(Source data)
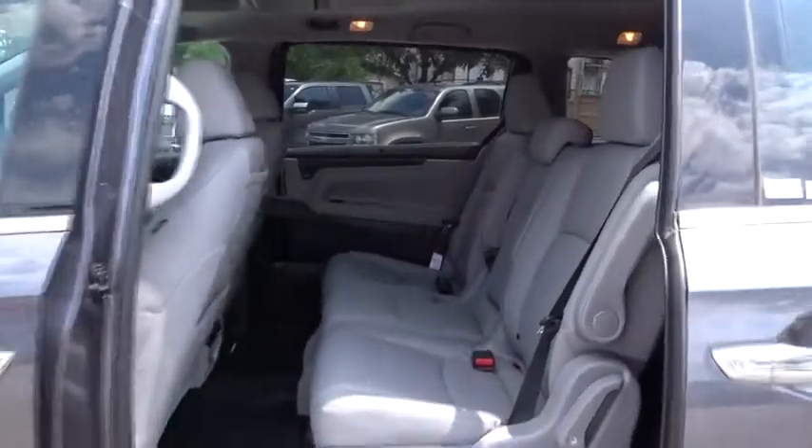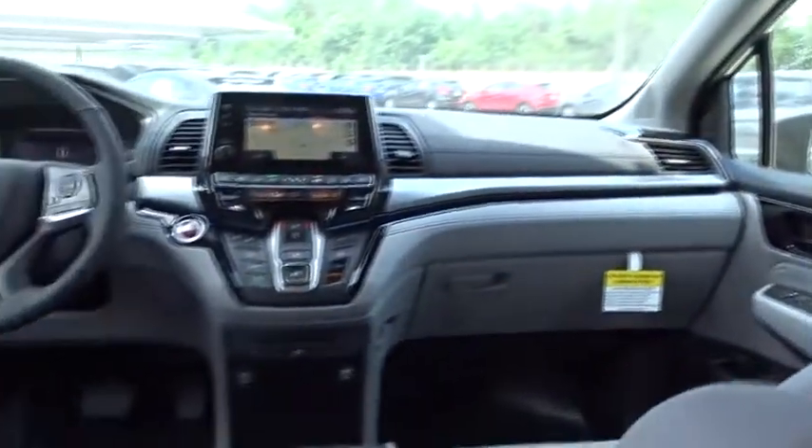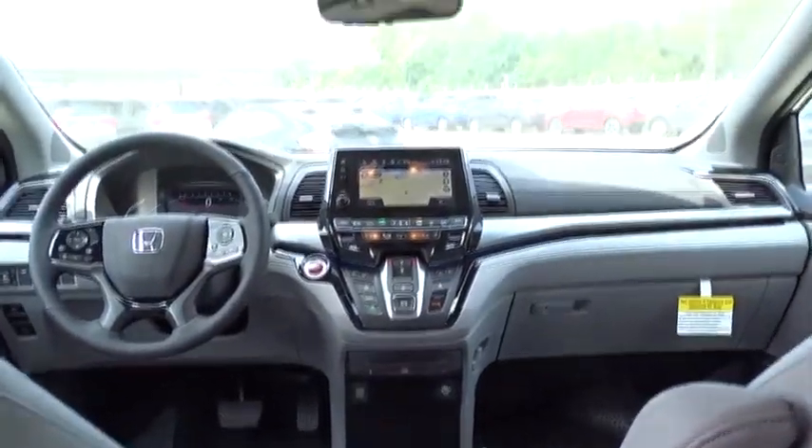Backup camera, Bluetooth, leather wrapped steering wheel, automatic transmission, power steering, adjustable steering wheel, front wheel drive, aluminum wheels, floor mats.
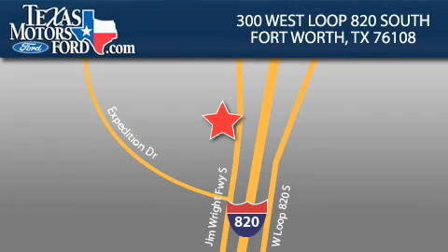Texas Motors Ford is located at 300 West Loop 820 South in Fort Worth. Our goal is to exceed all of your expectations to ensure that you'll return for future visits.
(End Source data)
(Source data)
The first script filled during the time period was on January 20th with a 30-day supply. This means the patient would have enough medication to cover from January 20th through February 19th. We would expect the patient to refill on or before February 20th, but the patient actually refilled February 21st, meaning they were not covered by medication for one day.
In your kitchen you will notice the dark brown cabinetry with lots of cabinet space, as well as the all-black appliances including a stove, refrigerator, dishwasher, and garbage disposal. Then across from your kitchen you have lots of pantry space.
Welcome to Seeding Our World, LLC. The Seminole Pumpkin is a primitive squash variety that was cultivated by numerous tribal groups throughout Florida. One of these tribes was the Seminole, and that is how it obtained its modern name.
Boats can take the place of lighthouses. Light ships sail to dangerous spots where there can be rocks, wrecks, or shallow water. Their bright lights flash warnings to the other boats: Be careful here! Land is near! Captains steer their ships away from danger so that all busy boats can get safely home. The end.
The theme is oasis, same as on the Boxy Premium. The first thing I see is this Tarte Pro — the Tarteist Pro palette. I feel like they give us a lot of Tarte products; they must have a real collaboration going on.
(End Source data)
(Source data)
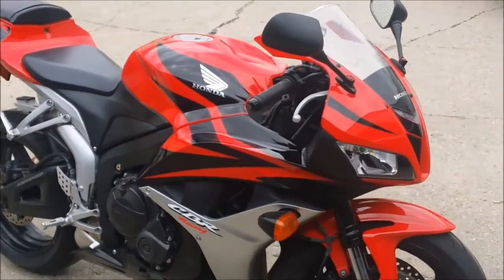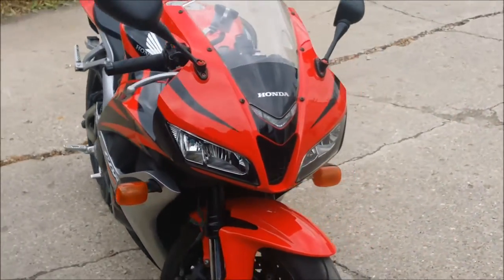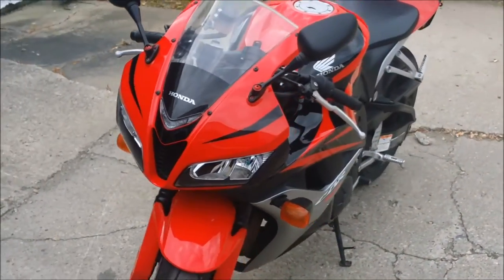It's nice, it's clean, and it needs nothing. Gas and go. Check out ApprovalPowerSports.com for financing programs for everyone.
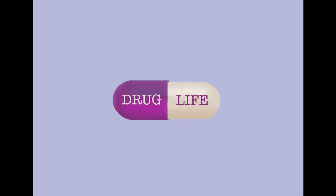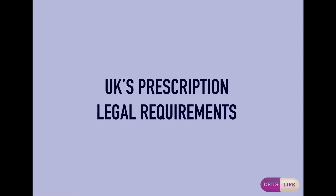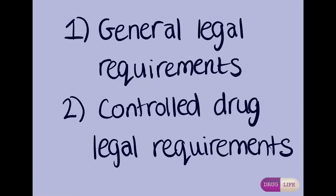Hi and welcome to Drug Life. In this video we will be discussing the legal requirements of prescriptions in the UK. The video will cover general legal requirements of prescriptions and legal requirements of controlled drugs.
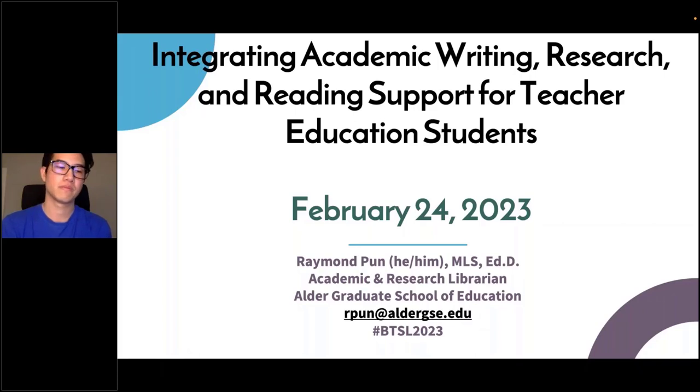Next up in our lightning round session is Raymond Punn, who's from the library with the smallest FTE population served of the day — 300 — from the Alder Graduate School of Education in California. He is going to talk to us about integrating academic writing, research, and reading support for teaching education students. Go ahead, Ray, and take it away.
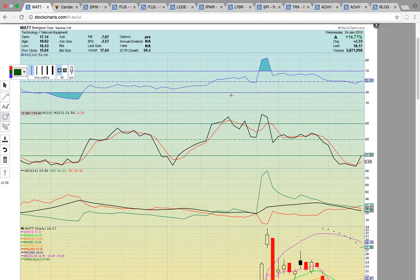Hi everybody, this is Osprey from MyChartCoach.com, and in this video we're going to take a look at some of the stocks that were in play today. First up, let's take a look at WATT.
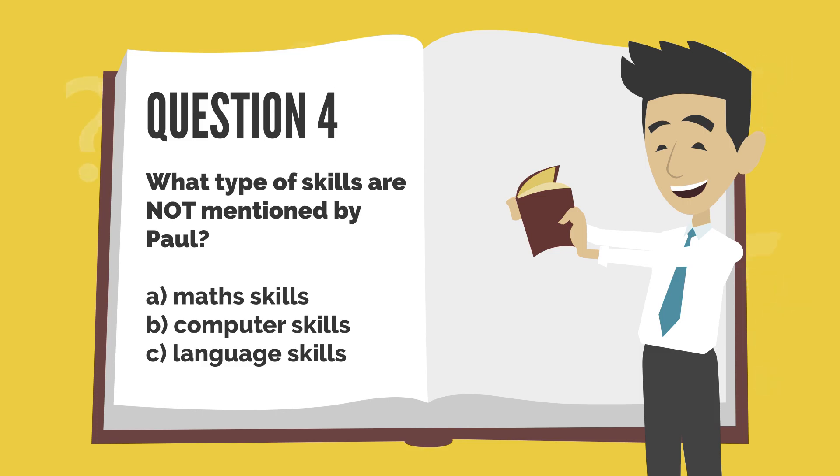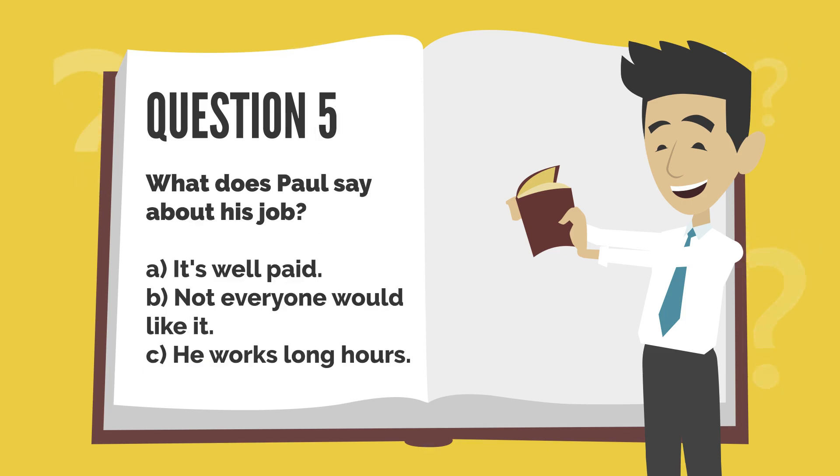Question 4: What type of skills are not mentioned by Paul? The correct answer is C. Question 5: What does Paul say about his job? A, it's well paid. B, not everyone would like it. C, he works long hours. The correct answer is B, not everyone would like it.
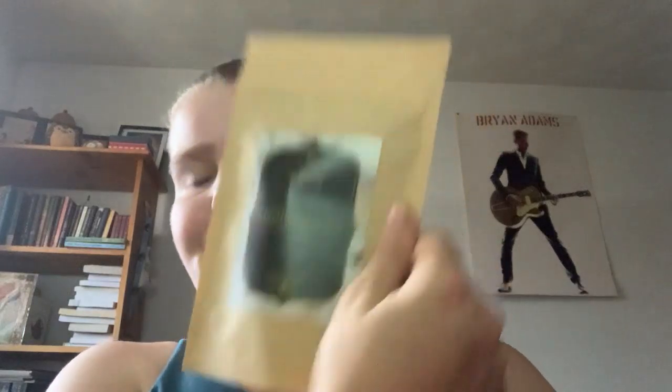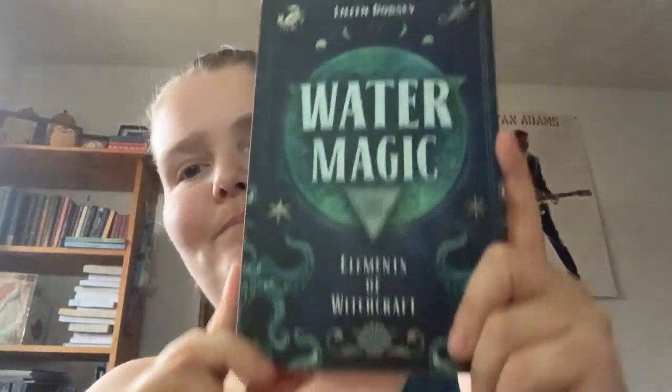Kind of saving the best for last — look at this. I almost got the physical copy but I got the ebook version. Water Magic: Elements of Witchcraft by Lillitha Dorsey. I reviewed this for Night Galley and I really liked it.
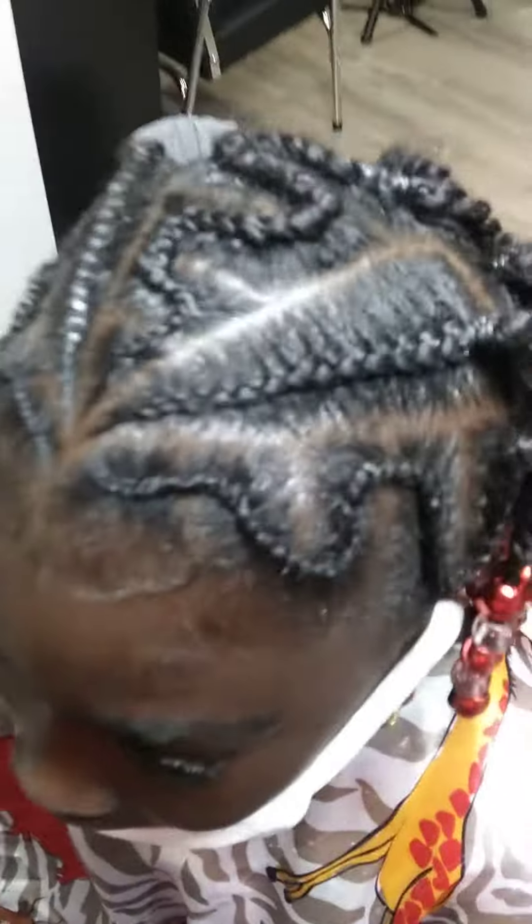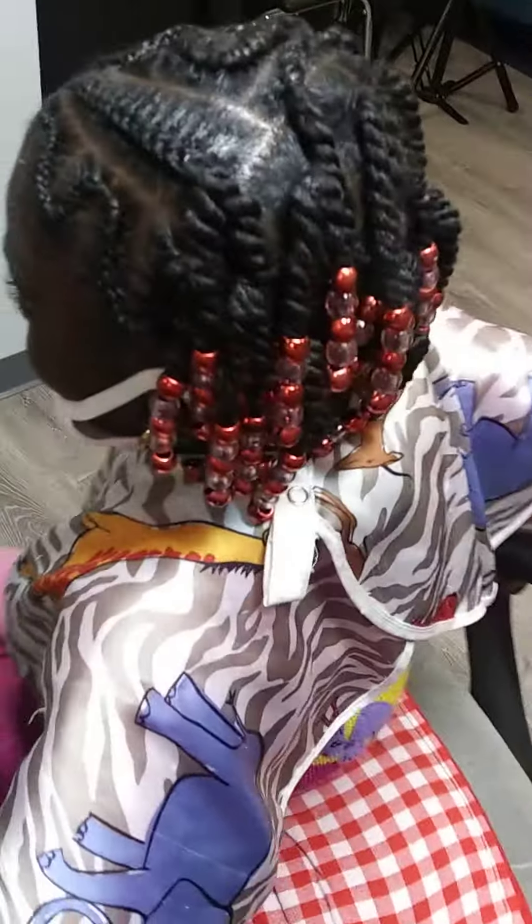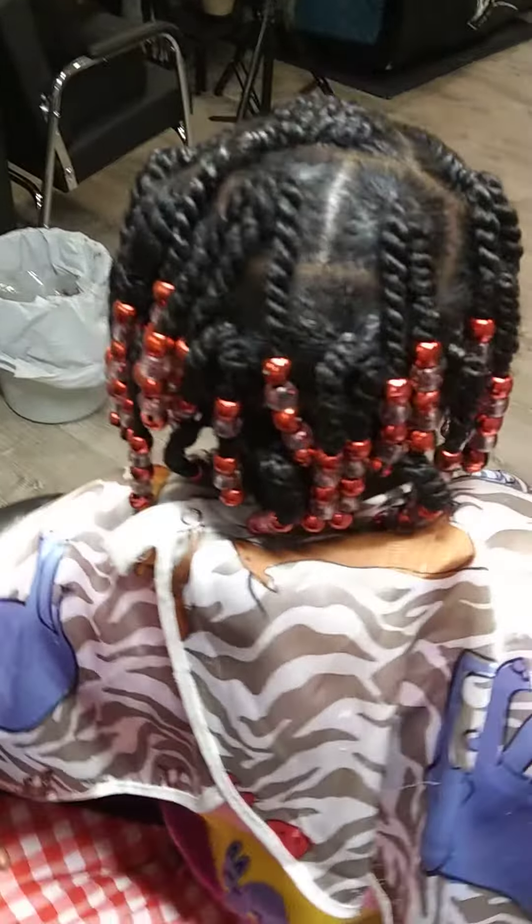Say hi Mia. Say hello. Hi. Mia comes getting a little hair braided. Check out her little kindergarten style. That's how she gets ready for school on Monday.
(End Source data)
Using the records above, print exactly the lines between the ones containing "Question 4: What" and "Say hi Mia.", inclusive, and nothing else; no pictures.

Answer:
Question 4: What type of skills are not mentioned by Paul? The correct answer is C. Question 5: What does Paul say about his job? A, it's well paid. B, not everyone would like it. C, he works long hours. The correct answer is B, not everyone would like it.
Kind of saving the best for last — look at this. I almost got the physical copy but I got the ebook version. Water Magic: Elements of Witchcraft by Lillitha Dorsey. I reviewed this for Night Galley and I really liked it.
Say hi Mia. Say hello. Hi. Mia comes getting a little hair braided. Check out her little kindergarten style. That's how she gets ready for school on Monday.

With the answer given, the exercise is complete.